As We Forgive
- daveingrey3
- Mar 18
- 2 min read
"And forgive us our trespasses as we forgive those who trespass against us (Matthew 6:12)."

In 2009, fellow Furman alum Laura Waters Hinson produced a documentary called “As We Forgive” on the Rwandan Genocide of 1994. One in eight Rwandans were murdered by their neighbors. The government jailed over 50,000 of the perpetrators of this slaughter. But having no place to hold them, they released them back into society to live next door to the families of their victims.
The documentary described the wide scale forgiveness that ensued. There was one woman who would not forgive the man who murdered her family, though he was desperate for her to do so. He tried to help her get food, fix up her house, he was willing to do anything for her. But she would not forgive him. And you could see it on her face. As Bishop Desmond Tutu said in the film, unforgiveness is like carrying acid around in a metal container, it eats you up from the inside. You could see the hatred literally torturing her features.

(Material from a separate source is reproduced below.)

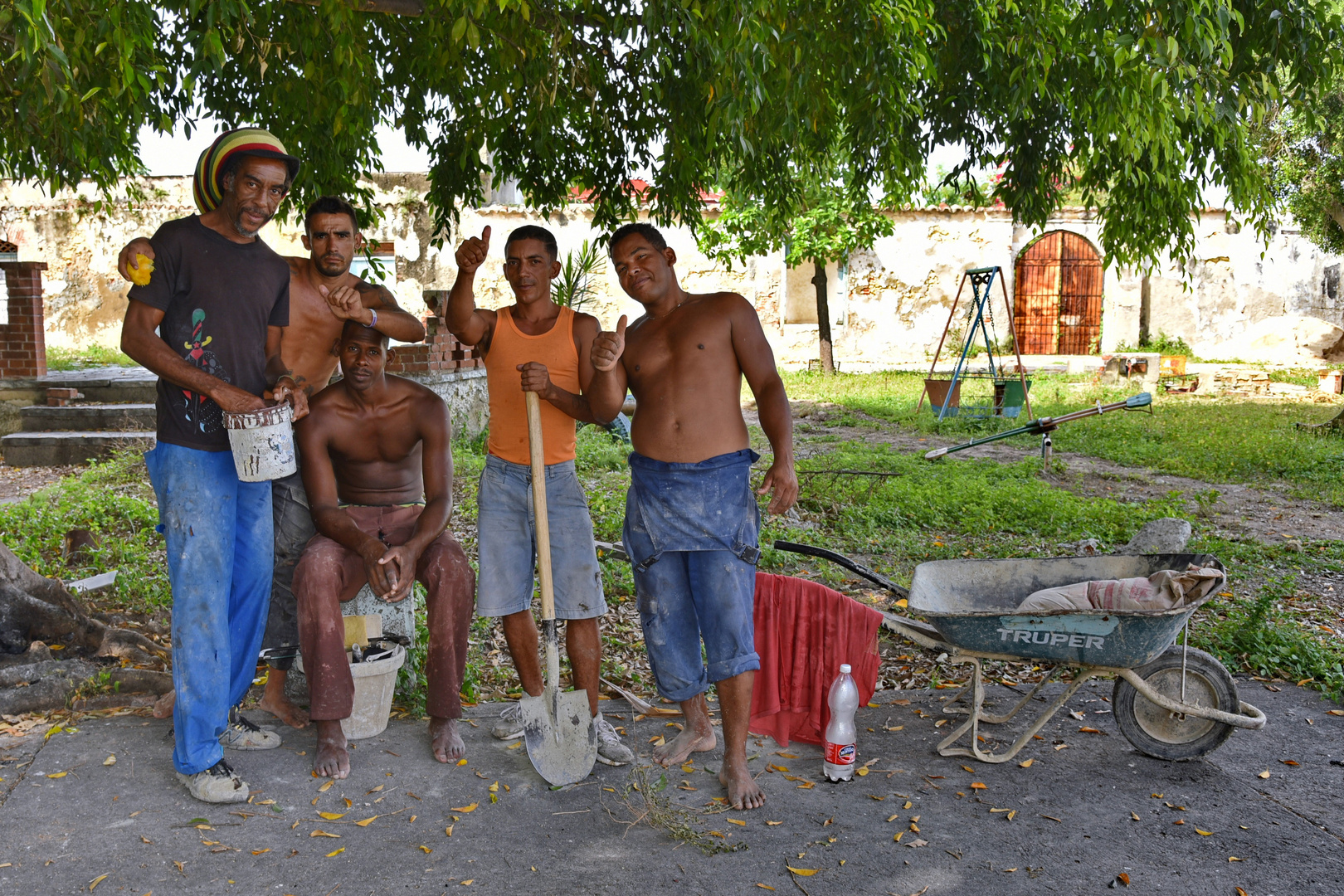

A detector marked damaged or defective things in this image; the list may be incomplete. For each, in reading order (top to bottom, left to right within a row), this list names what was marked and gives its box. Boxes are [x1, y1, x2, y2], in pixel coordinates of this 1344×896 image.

rusted metal gate [1015, 231, 1102, 354]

They finished filming and went back to Rwanda for a post-production visit and in the meantime, the woman had decided to forgive. And she was transformed. She was barely recognizable as the same person, so beatific and peaceful did she look.
The way Jesus teaches here, and just after the official end of “the Lord’s Prayer”, it sounds like there is a conditionality to our forgiveness. Here are the little-noted next two verses in Matthew 6:14-15. “For if you forgive other people when they sin against you, your heavenly Father will also forgive you. But if you do not forgive others their sins, your Father will not forgive your sins.” I do not believe this is as “works-based” as it sounds. I think what Jesus is saying here is, if we understand what we have been forgiven, we cannot withhold forgiveness. See the Sermon on the Plains' emphasis on having mercy as God is merciful, or the parable of the unforgiving servant, or the Good Samaritan, or just how Jesus lived.
An interesting note from Dr Bailey - all three Abrahamic religions have a daily prayer and each emphasizes forgiveness. Christianity is the only one that emphasizes forgiving others, rather than just seeking forgiveness for ourselves. This is, or should be central to being a Christian and is, or should be evident in the life of a Christian and stand out as something that makes a follower of Jesus different from his neighbors.
The question is whether there is a sin too big to be forgiven. Murder? Genocide? Betrayal? The only one specified in the Bible is the aforementioned “blaspheming the Holy Spirit”. If God is willing to forgive any other sin, including blaspheming Jesus (Matthew 12:32), shouldn’t we be as well?